Her idea to conjure up a bagful of tasty recipes using convenience foods is a brainwave that leaves me in dumbstruck awe – while chuckling as I picture Jamie, Gordon and Hugh Fearnley-Whittingstall fighting it out over food ethics by bashing each other over the head with battery-farmed chickens.
Good old Delia, a humble kitchen maestro without Nigella’s suggestive pout or Jamie’s trendy youth-speak, has stayed in the shadows for years while a multitude of celebrity chefs have risen to prominent glory, pontificating about what we should and shouldn’t eat, making us feel guilty if we haven’t got an allotment, herb garden and free range chickens hurtling around our gardens. Making us feel – or it is just me? – that we are hopeless cooks.
Being a Norwich City supporter it is hardly surprising that Delia has kept her head down for a while, but she has risen like a phoenix to knock Jamie and co off the top spot. Move over Gordon, 66-year-old Delia is head chef again, master of the apron strings, top dog in the kitchens.
And it’s all thanks to Delia’s How To Cheat At Cooking. Everyone is talking about it, even me.
And food manufacturers are rubbing their hands together with glee as Delia names the best convenience foods to cook up a storm. For example, to make a quick spinach tortelloni with leeks and Gorgonzola, she recommends fresh spinach and ricotta tortellini from either Tesco or Sainsbury’s, and dried ciabatta breadcrumbs and grated Parmesan from Tesco.
Such recommendations are expected to produce the “Delia effect” – a term included in the Collins English Dictionary in 2001 after she sent sales of cranberries through the roof after using them on television. Customers also bought 54 million extra eggs after she showed the nation how to boil or fry them.
Among recommendations in her book are Fratelli Camisa, an Italian fine food supplier that stocks Martelli pasta, spices from Seasoned Pioneers, Marks and Spencer’s roasted red and yellow peppers in oil and jalapeno peppers from the Cooks’ Ingredients range by Waitrose. Even Aunt Bessie’s instant mashed potato gets a look in.

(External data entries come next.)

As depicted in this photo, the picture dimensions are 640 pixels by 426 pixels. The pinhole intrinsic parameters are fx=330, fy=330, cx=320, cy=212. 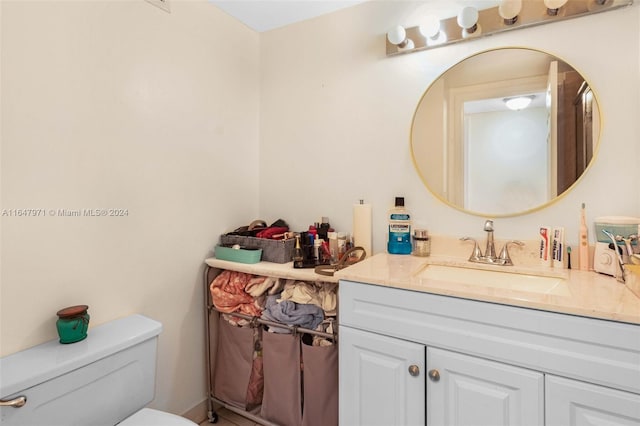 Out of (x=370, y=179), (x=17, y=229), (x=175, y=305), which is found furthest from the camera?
(x=370, y=179)

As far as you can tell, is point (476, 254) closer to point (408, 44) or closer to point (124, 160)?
point (408, 44)

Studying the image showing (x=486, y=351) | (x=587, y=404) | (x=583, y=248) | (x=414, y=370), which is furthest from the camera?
(x=583, y=248)

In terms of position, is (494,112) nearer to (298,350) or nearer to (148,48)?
(298,350)

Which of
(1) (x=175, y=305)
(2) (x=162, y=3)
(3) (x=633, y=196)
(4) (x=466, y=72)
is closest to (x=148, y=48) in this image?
(2) (x=162, y=3)

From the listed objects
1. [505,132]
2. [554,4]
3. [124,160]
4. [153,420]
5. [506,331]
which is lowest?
[153,420]

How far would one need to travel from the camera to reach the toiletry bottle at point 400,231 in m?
1.62

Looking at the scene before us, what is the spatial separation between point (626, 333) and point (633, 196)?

Pre-orders on the book alone have made it a best-seller and it’s obvious why. Time. We don’t have enough of it. Yes, it would be wonderful to wander off to our vegetable patches, hand-pick lunch and rustle up a vitamin-packed dinner for the kids. But, in all reality, many of us struggle to find time to buy food, let alone cook it – let alone grow it!
The likes of Jamie Oliver make it look so easy but cooking is their job. We have jobs too, but they generally don’t involve us performing culinary miracles in front of a TV camera. After a day’s grafting, we have houses to clean, washing to cope with, families to care for, chores to do – then we have to cook. Big difference.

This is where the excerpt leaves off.